- [Image-caption web data]:

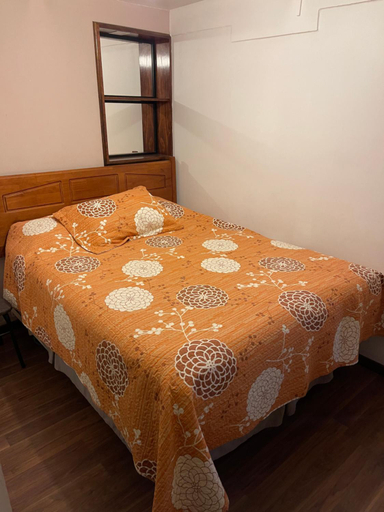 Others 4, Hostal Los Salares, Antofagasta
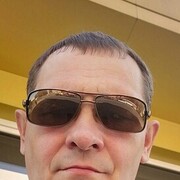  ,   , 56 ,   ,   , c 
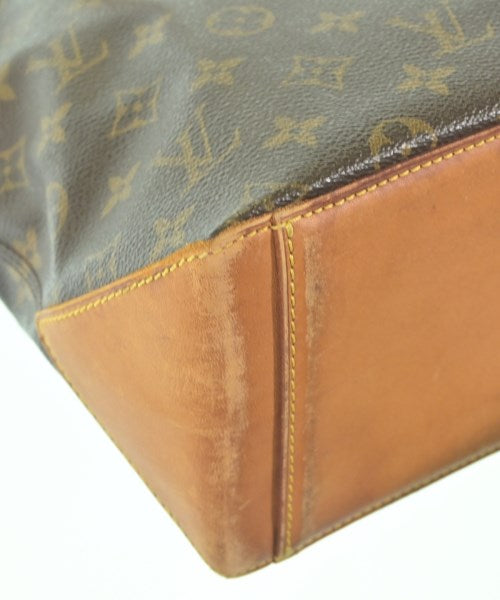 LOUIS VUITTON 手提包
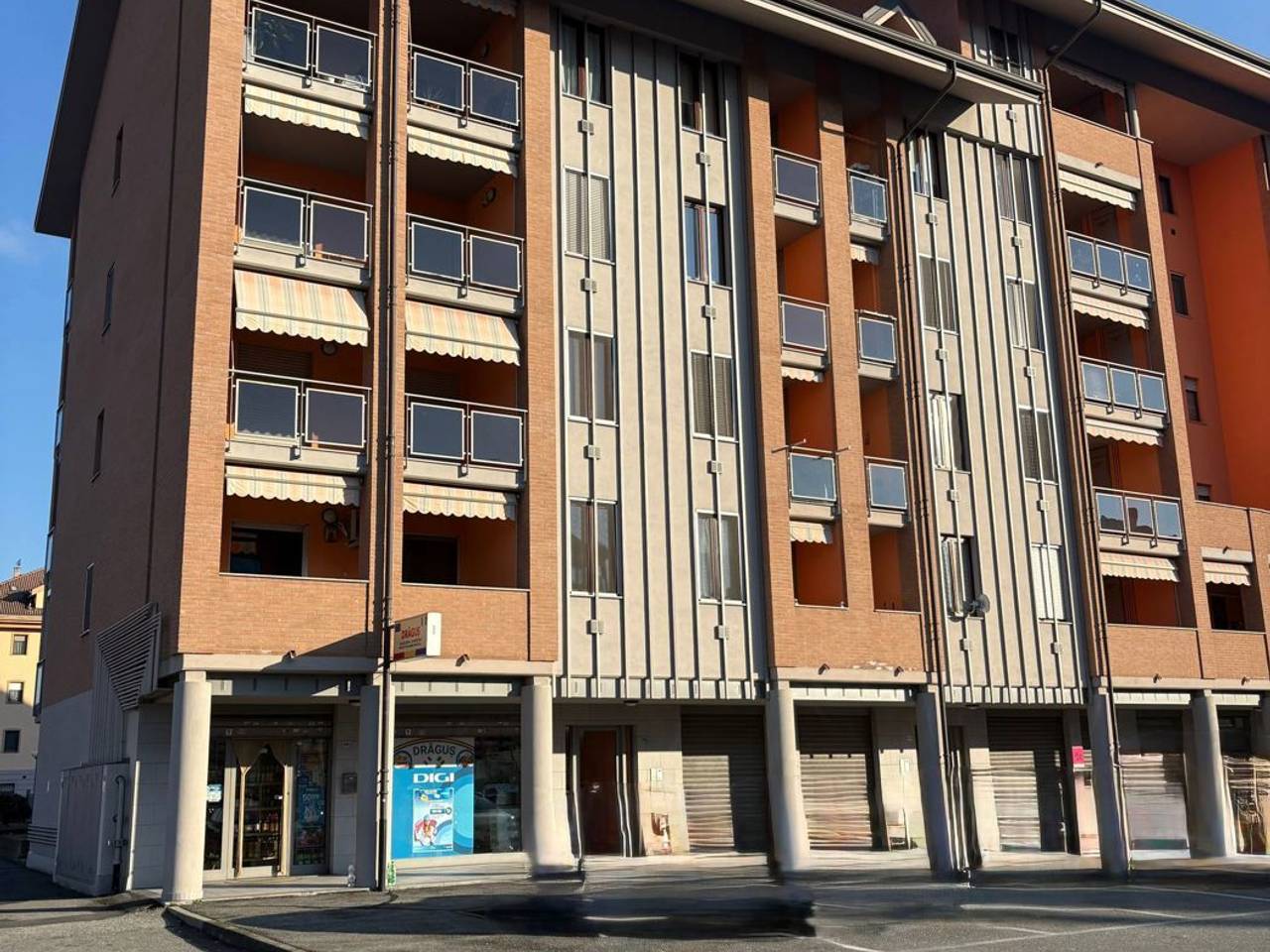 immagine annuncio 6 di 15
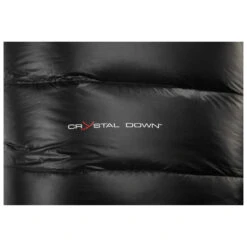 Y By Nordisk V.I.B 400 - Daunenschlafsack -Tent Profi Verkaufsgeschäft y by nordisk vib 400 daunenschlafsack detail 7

- [PROBLEM DETAILS]: An acceptable answer consists of the lines above from the one holding "immagine annuncio 6 di 15" to the end of the data, repeated exactly and containing no pictures.

- [SOLVED EXERCISE]:
 immagine annuncio 6 di 15
 Y By Nordisk V.I.B 400 - Daunenschlafsack -Tent Profi Verkaufsgeschäft y by nordisk vib 400 daunenschlafsack detail 7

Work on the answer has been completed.